On Thu, 29 Jul 2021, Benjamin Redelings wrote:
The idea of changing observation to look like `Observation a -> Dist a -> Dist a` is interesting, but I am not sure if this works in practice. Generally you cannot actually produce an exact sample from a distribution plus an observation. MCMC, for example, produces collections of samples that you can average against, and the error decreases as the number of samples increases. But you can't generate a single point that is a sample from the posterior.
Isn't that a problem of the concrete implementation of the probability monad (MCMC)? Certainly not something that I, as the modeller, would like to be concerned with. Other implementations might not have this limitation. Are we talking about the same thing, the mathematical conditional probability? This has the type I described, so it should not be an unusual design choice. Moreover, it is a partial function. What happens if I try to condition on an impossible observation in Bali-phy?
Maybe it would be possible to change use separate types for distributions from which you cannot directly sample? Something like `Observation a -> SampleableDist -> NonsampleableDist a`.
I haven't seen types of much else in your system, so I can not provide meaningful insights here. My concern would be that parts of models become tainted as Nonsampleable too easily, a trapdoor operation. But this is just guesswork, I don't grasp sampling well enough, apparently. Here is my attempt, please correct me if this is wrong. Sampling is a monad morphism from a "true" monad of probability distributions (e.g. the Giry monad) to a state monad transforming a source of randomness, in such a way that any infinite stream of samples has the property that for any measurable set U, the probability measure of U equals the limit of the ratio of samples inside and outside of U, as the prefix of the infinite stream grows to infinity. Conditioning on an observation O should translate to the state monad in a way so that the sample-producer is now forbidden to output anything outside O. Hence conditioning on an impossible observation must produce a state transformer that never outputs anything: the bottom function.
I will think about whether this would solve the problem with laziness...
-BenRI
On 7/29/21 11:35 PM, Benjamin Redelings wrote:
Hi Olaf,
I think you need to look at two things:
1. The Giry monad, and how it deals with continuous spaces.

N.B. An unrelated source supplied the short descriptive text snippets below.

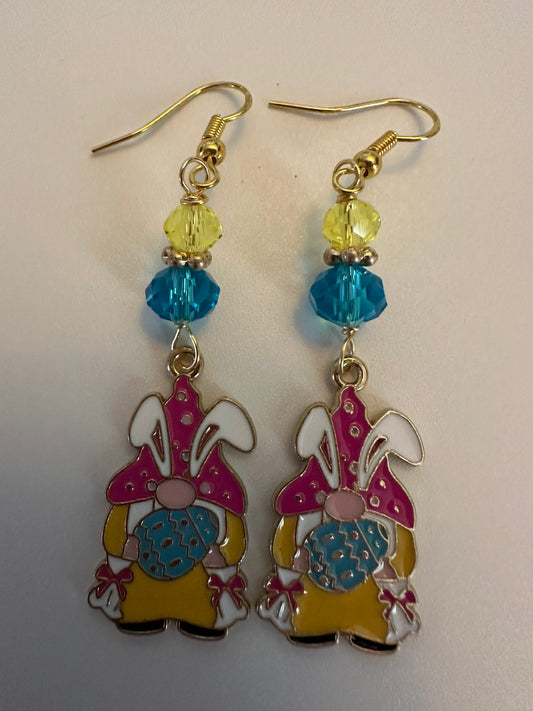 Easter Bunny Gnome Enamel Earrings - Springtime Dangle Jewelry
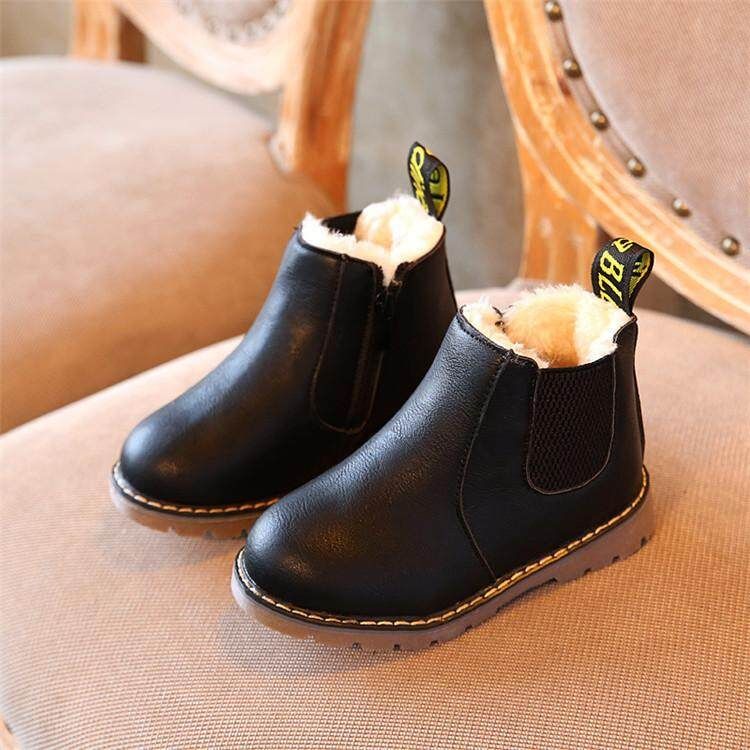 2017 Winter Children Kids Warm Boots Snow Baby Toddler Boys Girls Faux Fur Shoes BROWN Black 27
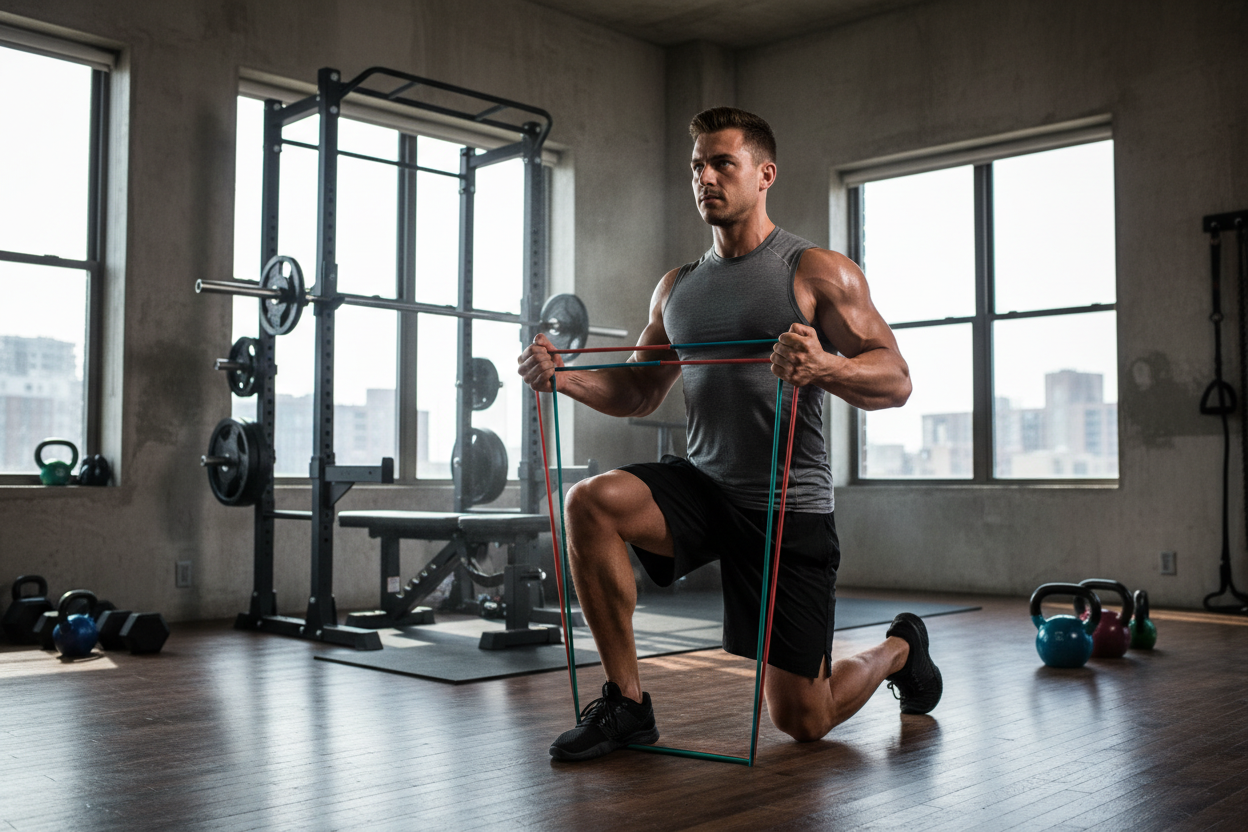 render another image with an athletic male execising with bundled muliti colored (2-3) resistance bands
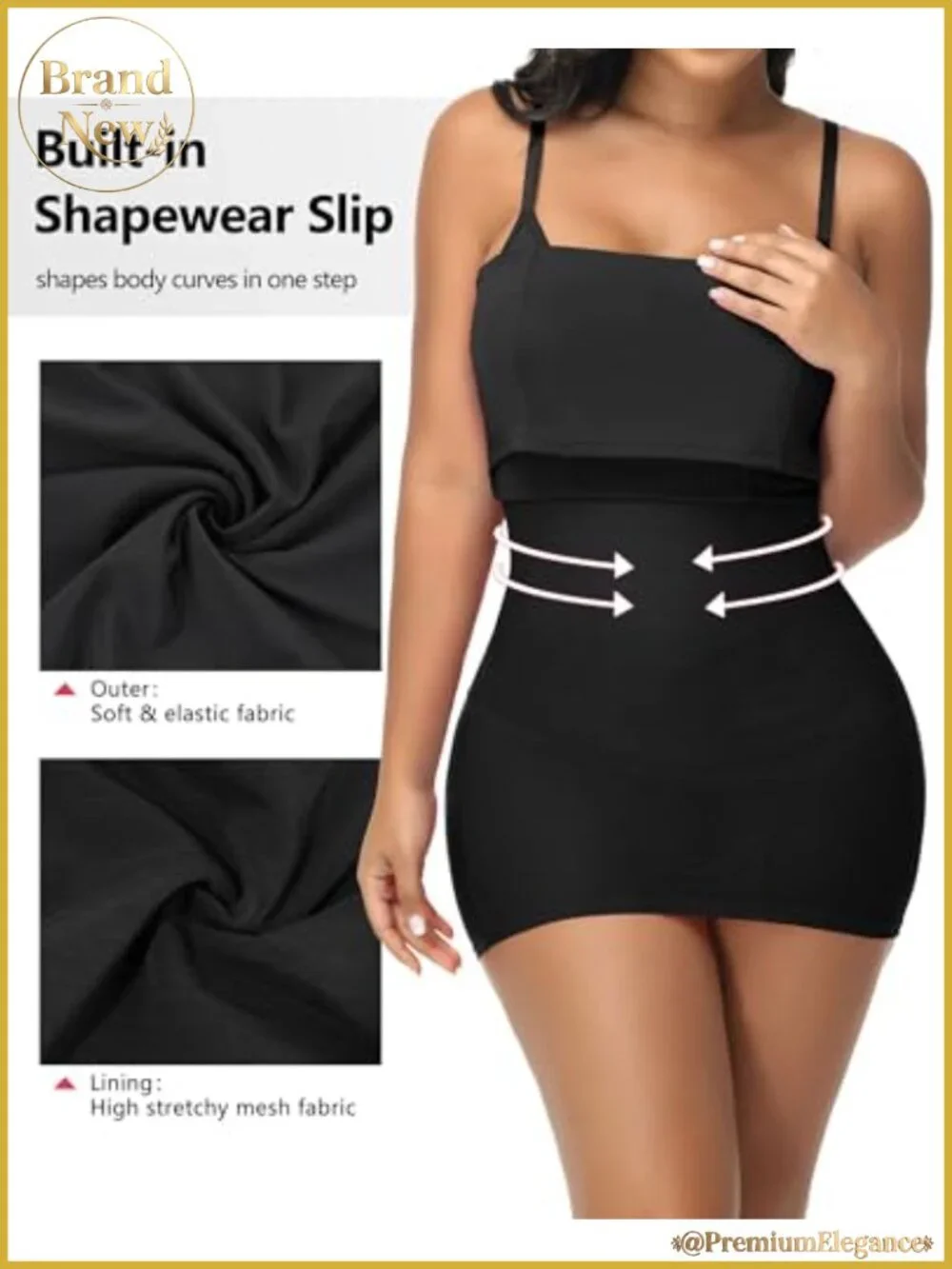 Deep V Neck Bodycon Mini Dress with Built-in Shapewear Slip Tummy Control Night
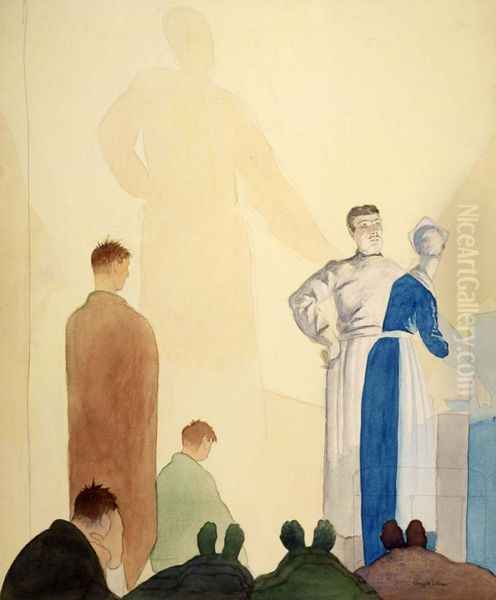 Hospital--On the Stretcher Where I Lay I Opened My Eyes and Great Shadows Quivered on the Wall... The Feet of the Row in Front of Me Stuck Up Like Footlights at the Play - view 1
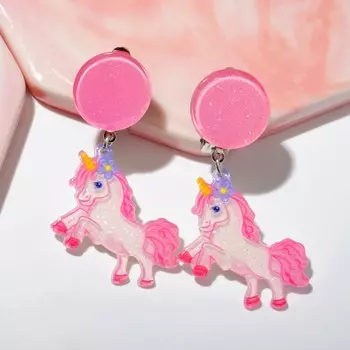 Клипсы детские «Выбражулька» сказка, единорог с цветочком, цвет розовый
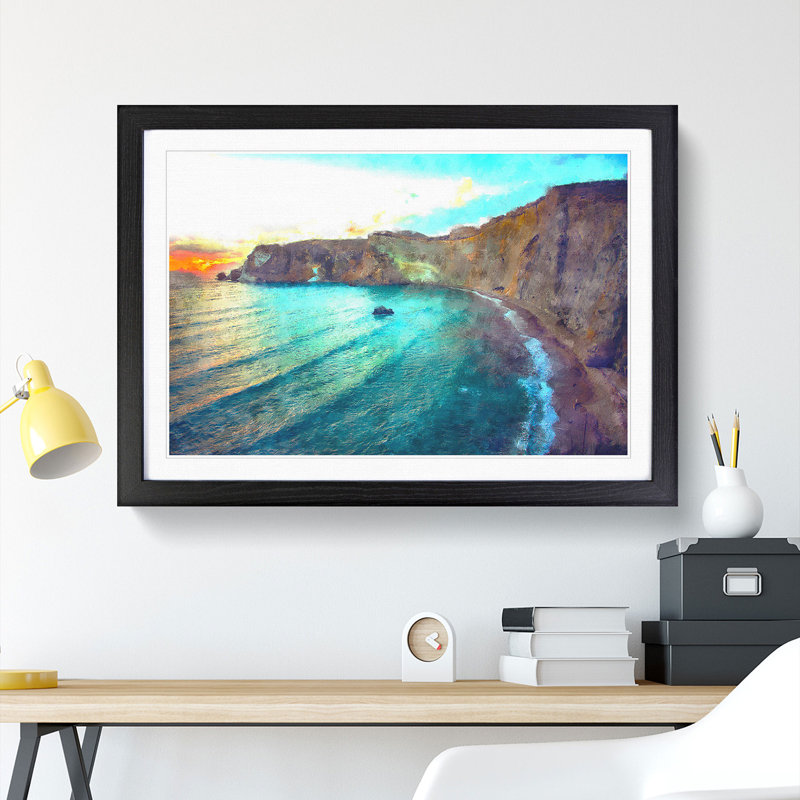 Cliffs in Ponza in Italy - Picture Frame Graphic Art, 27cm H x 36cm W x 2cm D, Black Framed
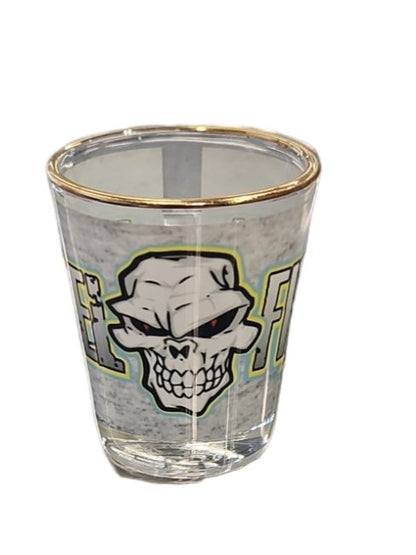 Blue and Yellow Diesel Freak Shot Glass - Gold Rim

2. The paper "Practical Probabilistic Programming with Monads" - https://doi.org/10.1145/2804302.2804317
Also, observing 2.0 from a continuous distribution is not nonsensical.
-BenRI
On 7/21/21 11:15 PM, Olaf Klinke wrote:
However, a lazy interpreter causes problems when trying to introduce *observation* statements (aka conditioning statements) into the monad [3]. For example,
run_lazy $ do x <- normal 0 1 y <- normal x 1 z <- normal y 1 2.0 `observe_from` normal z 1 return y
In the above code fragment, y will be forced because it is returned, and y will force x. However, the "observe_from" statement will never be forced, because it does not produce a result that is demanded.
I'm very confused. If the observe_from statement is never demanded, then what semantics should it have? What is the type of observe_from? It seems it is a -> m a -> m () for whatever monad m you are using. But conditioning usually is a function Observation a -> Dist a -> Dist a so you must use the result of the conditioning somehow. And isn't the principle of Monte Carlo to approximate the posterior by sampling from it? I tend to agree with your suggestion that observations and sampling can not be mixed (in the same do-notation) but the latter have to be collected in a prior, then conditioned by an observation.
What is the semantic connection between your sample and obsersvation monad? What is the connection between both and the semantic probability distributions? I claim that once you have typed everything, it becomes clear where the problem is.
Olaf
P.S. It has always bugged me that probabilists use elements and events interchangingly, while this can only be done on discrete spaces. So above I would rather like to write (2.0==) `observe_from` (normal 0 1) which still is a non-sensical statement if (normal 0 1) is a continuous distribution where each point set has probability zero.